— Exercise instructions —
Word for word, retype the records below.
**********
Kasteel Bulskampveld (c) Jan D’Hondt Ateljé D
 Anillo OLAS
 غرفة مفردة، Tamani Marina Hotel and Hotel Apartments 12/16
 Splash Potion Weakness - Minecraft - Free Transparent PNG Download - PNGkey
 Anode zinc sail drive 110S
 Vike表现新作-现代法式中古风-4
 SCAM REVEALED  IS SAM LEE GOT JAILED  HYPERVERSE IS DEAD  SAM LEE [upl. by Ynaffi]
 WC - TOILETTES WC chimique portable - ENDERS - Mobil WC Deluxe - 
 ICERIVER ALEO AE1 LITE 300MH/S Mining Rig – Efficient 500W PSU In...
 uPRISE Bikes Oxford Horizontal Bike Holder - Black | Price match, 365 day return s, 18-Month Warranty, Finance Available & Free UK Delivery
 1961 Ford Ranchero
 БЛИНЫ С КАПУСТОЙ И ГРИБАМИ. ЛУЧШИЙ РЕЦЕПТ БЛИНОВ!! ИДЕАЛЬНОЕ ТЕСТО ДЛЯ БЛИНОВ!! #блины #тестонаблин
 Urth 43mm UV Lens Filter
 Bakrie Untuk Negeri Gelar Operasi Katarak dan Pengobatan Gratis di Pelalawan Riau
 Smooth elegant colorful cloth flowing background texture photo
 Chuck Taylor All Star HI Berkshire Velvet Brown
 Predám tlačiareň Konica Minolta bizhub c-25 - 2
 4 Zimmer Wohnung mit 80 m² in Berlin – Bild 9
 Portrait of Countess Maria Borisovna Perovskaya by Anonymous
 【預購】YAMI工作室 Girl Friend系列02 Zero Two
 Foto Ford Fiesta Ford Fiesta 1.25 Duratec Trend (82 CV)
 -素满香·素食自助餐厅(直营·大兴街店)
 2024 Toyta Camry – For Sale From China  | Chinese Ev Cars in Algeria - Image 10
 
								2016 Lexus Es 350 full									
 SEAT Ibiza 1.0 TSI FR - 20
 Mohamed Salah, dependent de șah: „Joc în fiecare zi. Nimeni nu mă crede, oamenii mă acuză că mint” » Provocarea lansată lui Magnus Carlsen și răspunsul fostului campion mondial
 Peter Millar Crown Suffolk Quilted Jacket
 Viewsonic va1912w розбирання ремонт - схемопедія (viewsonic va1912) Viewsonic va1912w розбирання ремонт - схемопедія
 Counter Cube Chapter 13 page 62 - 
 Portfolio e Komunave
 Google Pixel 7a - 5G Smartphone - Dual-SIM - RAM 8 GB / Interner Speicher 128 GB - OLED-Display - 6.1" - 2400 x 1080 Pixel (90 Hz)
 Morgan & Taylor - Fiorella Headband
**********
— Solution for this task —
Kasteel Bulskampveld (c) Jan D’Hondt Ateljé D
 Anillo OLAS
 غرفة مفردة، Tamani Marina Hotel and Hotel Apartments 12/16
 Splash Potion Weakness - Minecraft - Free Transparent PNG Download - PNGkey
 Anode zinc sail drive 110S
 Vike表现新作-现代法式中古风-4
 SCAM REVEALED  IS SAM LEE GOT JAILED  HYPERVERSE IS DEAD  SAM LEE [upl. by Ynaffi]
 WC - TOILETTES WC chimique portable - ENDERS - Mobil WC Deluxe - 
 ICERIVER ALEO AE1 LITE 300MH/S Mining Rig – Efficient 500W PSU In...
 uPRISE Bikes Oxford Horizontal Bike Holder - Black | Price match, 365 day return s, 18-Month Warranty, Finance Available & Free UK Delivery
 1961 Ford Ranchero
 БЛИНЫ С КАПУСТОЙ И ГРИБАМИ. ЛУЧШИЙ РЕЦЕПТ БЛИНОВ!! ИДЕАЛЬНОЕ ТЕСТО ДЛЯ БЛИНОВ!! #блины #тестонаблин
 Urth 43mm UV Lens Filter
 Bakrie Untuk Negeri Gelar Operasi Katarak dan Pengobatan Gratis di Pelalawan Riau
 Smooth elegant colorful cloth flowing background texture photo
 Chuck Taylor All Star HI Berkshire Velvet Brown
 Predám tlačiareň Konica Minolta bizhub c-25 - 2
 4 Zimmer Wohnung mit 80 m² in Berlin – Bild 9
 Portrait of Countess Maria Borisovna Perovskaya by Anonymous
 【預購】YAMI工作室 Girl Friend系列02 Zero Two
 Foto Ford Fiesta Ford Fiesta 1.25 Duratec Trend (82 CV)
 -素满香·素食自助餐厅(直营·大兴街店)
 2024 Toyta Camry – For Sale From China  | Chinese Ev Cars in Algeria - Image 10
 
								2016 Lexus Es 350 full									
 SEAT Ibiza 1.0 TSI FR - 20
 Mohamed Salah, dependent de șah: „Joc în fiecare zi. Nimeni nu mă crede, oamenii mă acuză că mint” » Provocarea lansată lui Magnus Carlsen și răspunsul fostului campion mondial
 Peter Millar Crown Suffolk Quilted Jacket
 Viewsonic va1912w розбирання ремонт - схемопедія (viewsonic va1912) Viewsonic va1912w розбирання ремонт - схемопедія
 Counter Cube Chapter 13 page 62 - 
 Portfolio e Komunave
 Google Pixel 7a - 5G Smartphone - Dual-SIM - RAM 8 GB / Interner Speicher 128 GB - OLED-Display - 6.1" - 2400 x 1080 Pixel (90 Hz)
 Morgan & Taylor - Fiorella Headband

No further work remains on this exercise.